* Material to process:
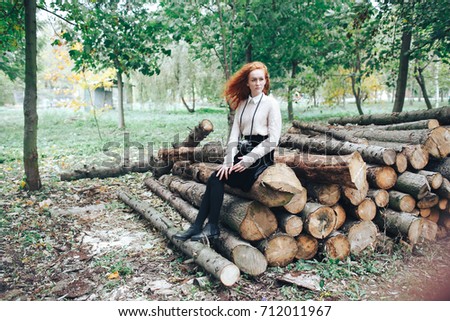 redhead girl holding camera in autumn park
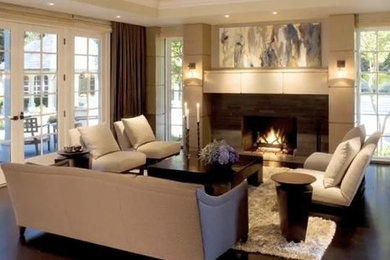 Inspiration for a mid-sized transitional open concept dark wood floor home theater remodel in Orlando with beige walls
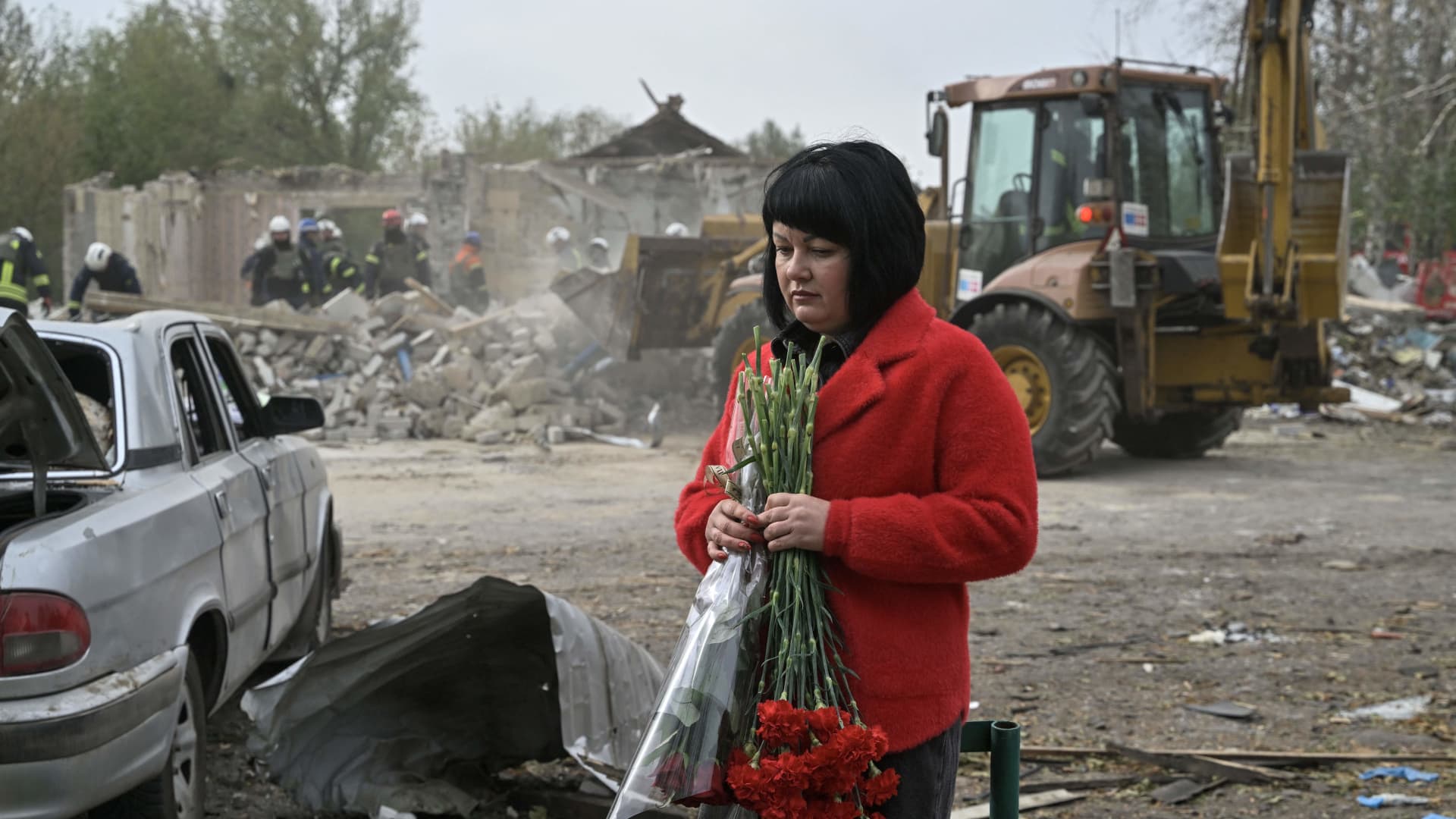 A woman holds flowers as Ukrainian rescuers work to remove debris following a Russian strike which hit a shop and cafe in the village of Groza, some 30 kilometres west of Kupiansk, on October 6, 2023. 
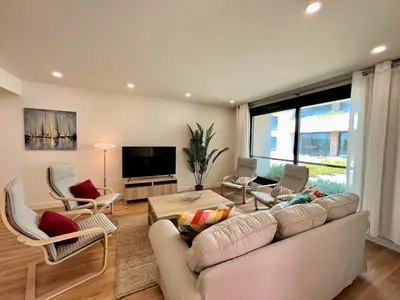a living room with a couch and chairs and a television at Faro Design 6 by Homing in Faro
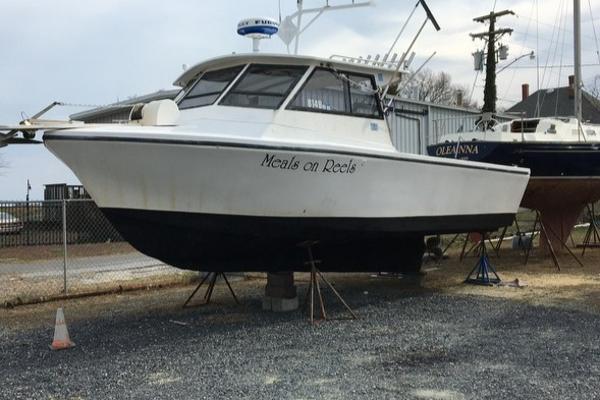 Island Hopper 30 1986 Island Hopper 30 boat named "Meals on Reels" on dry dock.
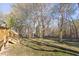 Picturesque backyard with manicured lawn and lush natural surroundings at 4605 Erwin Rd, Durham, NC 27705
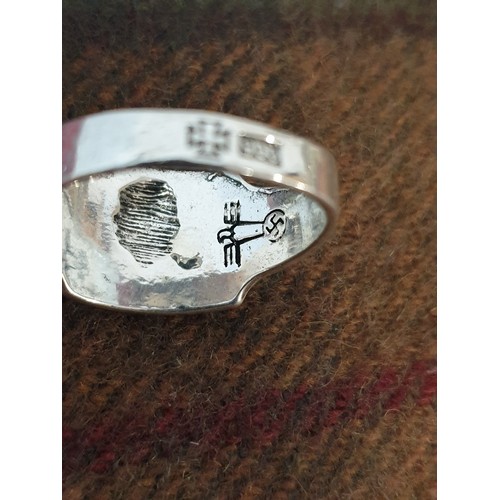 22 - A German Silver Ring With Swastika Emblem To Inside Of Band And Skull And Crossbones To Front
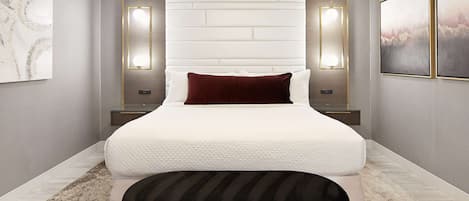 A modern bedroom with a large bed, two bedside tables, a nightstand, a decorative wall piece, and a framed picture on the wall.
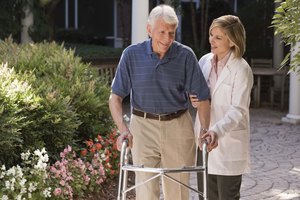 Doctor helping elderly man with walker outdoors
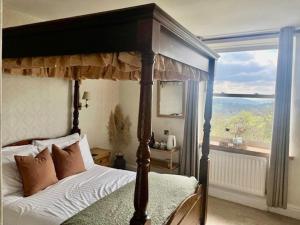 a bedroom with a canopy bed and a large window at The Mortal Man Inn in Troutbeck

...

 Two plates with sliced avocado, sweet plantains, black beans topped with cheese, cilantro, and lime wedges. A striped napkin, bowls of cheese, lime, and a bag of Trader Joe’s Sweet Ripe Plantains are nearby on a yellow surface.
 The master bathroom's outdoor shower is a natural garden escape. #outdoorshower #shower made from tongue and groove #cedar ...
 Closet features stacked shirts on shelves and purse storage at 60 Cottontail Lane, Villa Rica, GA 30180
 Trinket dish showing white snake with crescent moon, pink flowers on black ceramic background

* * *

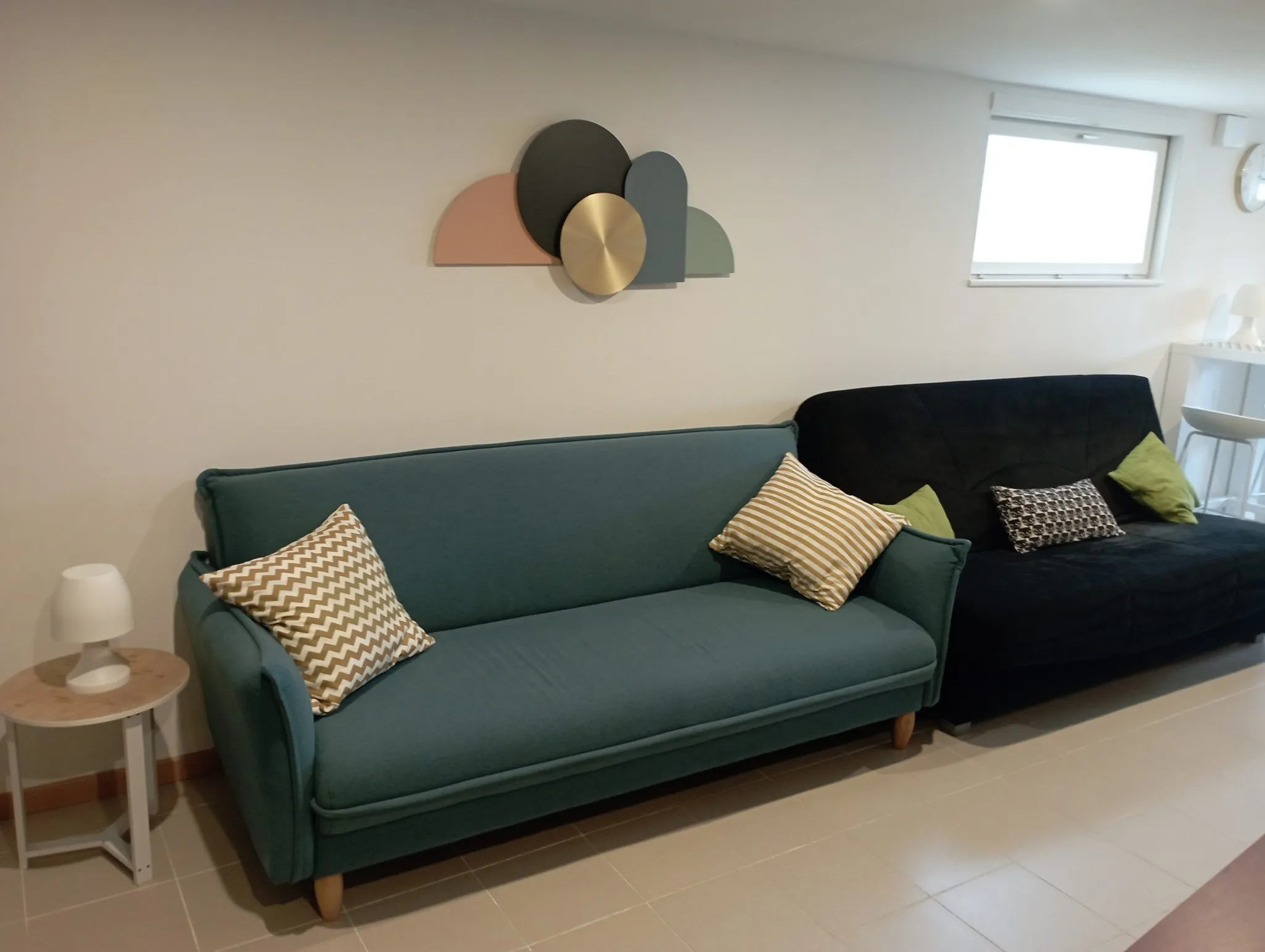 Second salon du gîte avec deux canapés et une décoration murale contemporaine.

* Task brief: Please transcribe exactly the lines above from the line that has "The master bathroom's" up to and including the line that has "Trinket dish showing"; no other line belongs in the answer.

* Exercise result:
 The master bathroom's outdoor shower is a natural garden escape. #outdoorshower #shower made from tongue and groove #cedar ...
 Closet features stacked shirts on shelves and purse storage at 60 Cottontail Lane, Villa Rica, GA 30180
 Trinket dish showing white snake with crescent moon, pink flowers on black ceramic background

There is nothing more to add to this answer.